Police clash with anti-govt protesters in central Tunis

Author: 
Reuters
Publication Date: 
Tue, 2012-04-10 01:39

At least 2,000 protesters came out to mark the Martyrs’ Day holiday, which commemorates the 1938 suppression of pro-independence demonstrators by French colonial troops.
As they reached the interior ministry on Habib Bourguiba, they were met by police who fired tear gas to clear the crowd.
Police beat back groups of protesters with batons and chased stone-throwing youths down side streets in scenes reminiscent of the tactics used during Ben Ali’s 23 years as president, when Tunisia was a police state and freedoms severely restricted.
“The people want the fall of the regime,” protesters chanted, echoing the demand that was coined in Tunisia during the 2011 revolution and sparked the Arab Spring uprisings.
The moderate Islamist Ennahda party, which won post-revolution elections in October, is under pressure from secular parties to improve economic conditions and not give religion too prominent a place in public life.

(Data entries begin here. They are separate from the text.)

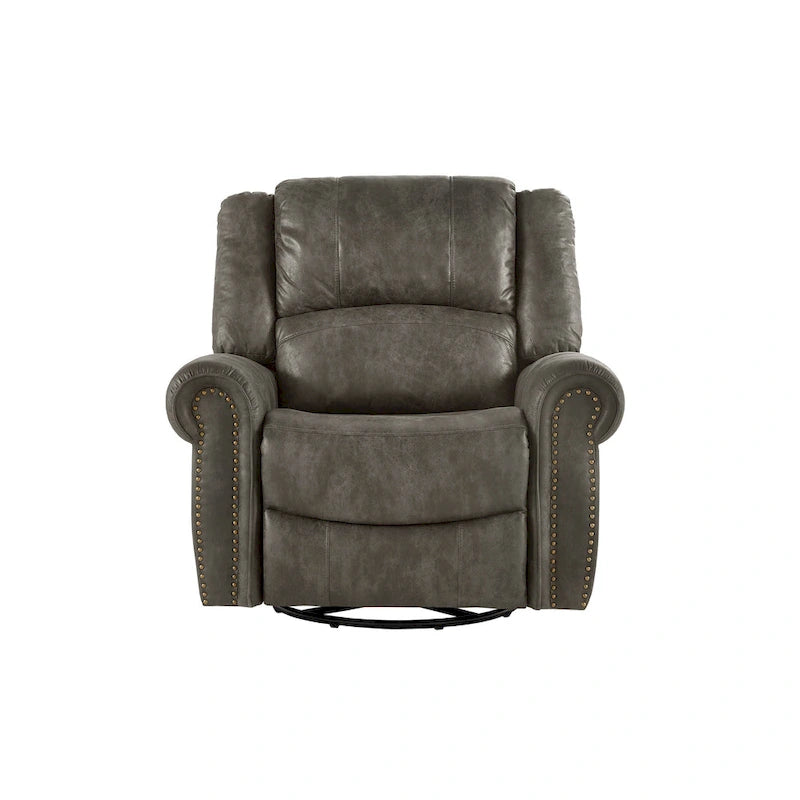 Monroe Polished Microfiber Nailhead Swivel Glider Recliner by  Classic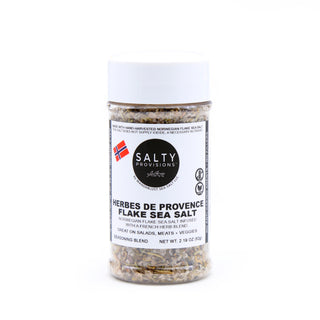 Salty Provisions Fresh, crisp Flake Sea Salt hand-harvested from the Norwegian Sea, is blended with traditional French flavors including thyme, lavender flowers, rosemary, marjoram, fennel seed, savory, basil.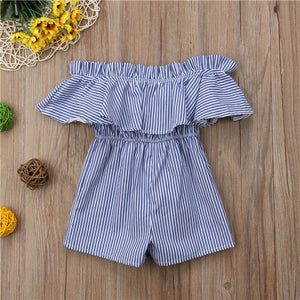 Baby Girl Short Sleeve Off Shoulder Cotton Infant Summer Jumpsuit Toddler Holiday Striped Outfit Girls Clothes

Tunisia has changed enormously since the revolution, with a democratic system now in place and ordinary people able to speak and demonstrate freely for the first time in memory.
But the interior ministry decided to ban rallies on Habib Bourguiba Avenue in late March after local hotels, restaurants and other businesses complained that repeated protests and counter-protests were snarling traffic and disrupting business.
The ban infuriated opponents of the government who chose Monday’s public holiday to defy the police.
Numbers at the rally quickly shrank, and groups of dozens of demonstrators faced off with police. Reuters journalists saw protesters fainting from tear gas and others hobbling away with bruises.
Tunisia’s revolution ousted Ben Ali in January 2011. In October, Ennahda won more than 40 percent of seats in the constituent assembly in the country’s first free elections.
From the outset, Ennahda has faced strong opposition from secular parties and Tunisia’s powerful labor union, who fear it will impose conservative religious values on a country long known for its liberal and secular outlook.
The party, which leads the government in coalition with two secular groups, has tried to steer a middle course but the clashes are likely to cause a political backlash.
Protesters and opposition groups accused Ennahda of sending in masked thugs in plain clothes, who could be seen chasing protesters, to back police. An Ennahda official, speaking to the official TAP news agency, denied those claims and said its supporters were peacefully marking the day in another location.